To me - looking to provide API access from a new project soon - that sounds
like a good potential win.

------
Someone
On the one hand, when I read the open sourcing announcement, I found it
enticing, too.

On the other hand, we have had this kind of thing for decades in the form of
SQL. There, it is considered best practice to restrict the API by requiring
callers to exclusively use stored procedures.
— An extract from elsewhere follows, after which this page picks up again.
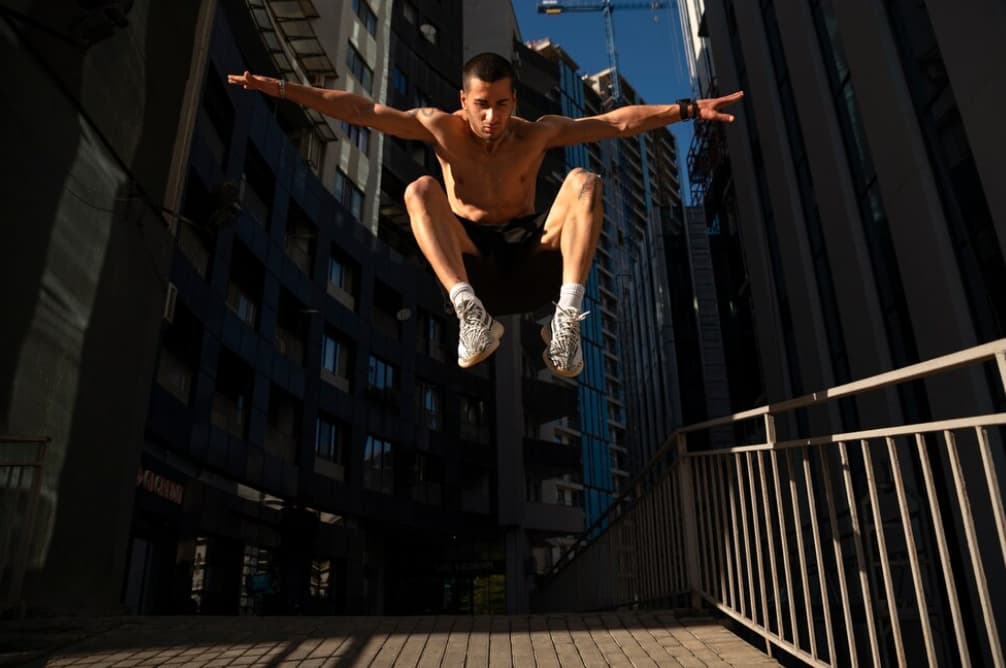 An athlete leaps with buildings in the background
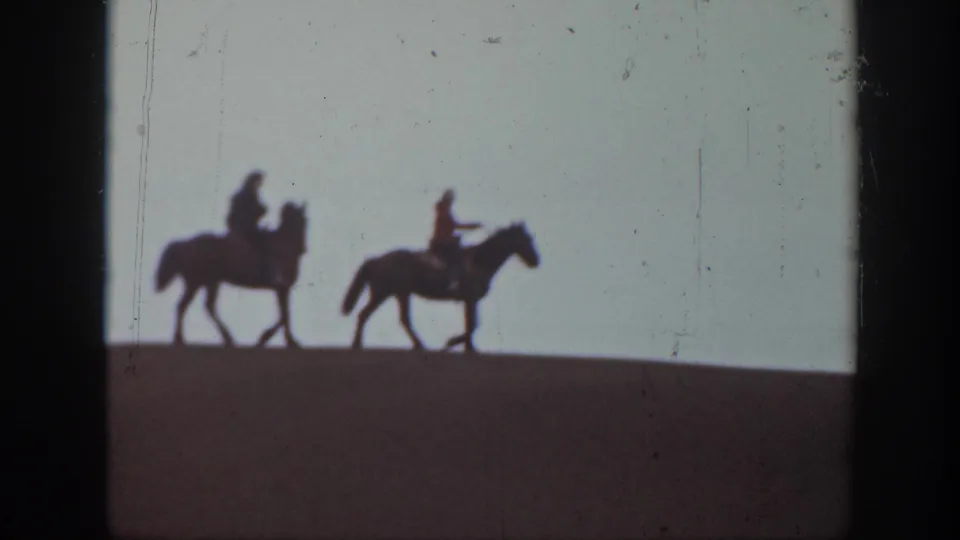 The riders and horses continue along the hill in soft 8mm silhouette, with the sky filling most of the frame.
Reasons are that they make it
easier for the engine to optimize query evaluation, for the DBA to optimize
the storage format to the queries to be run, for the security guys to enforce
security, etc.

You can make the front-end API more flexible, but that doesn't remove the need
to do that kind of back-end stuff.

Yes, I still like it, but I'm not sure it really simplifies stuff as much as
it seems at first sight; to get performance you still have to tune the backed
to the kind of queries that are run.

------
weatherlight
I'm in the process of rewriting our external api using GraphQL, It's kind of
amazing, I do find my self tripping on "best practices" e.g. pertaining to a
User view model

query {user {name}} query {users(someQualifier: $qualifier){name}} mutation
{createUser(name: $name) {name}} mutation {updateUser(id: $id, name:
$name){name}} mutation {destroyUser(id: $id) {name}}

It ends up looking like CRUD. But so much easier to reason about :)

------
k__
Same here.

REST was a nice idea, but still too undefined.

Even attempts like JSON-API never really catched on.

The tree structure with the whole auto-discovery alone is a killer feature.

------
ChoHag
Well it has a Q in it. What's not cool about that?? Of course it's next!

(DNR)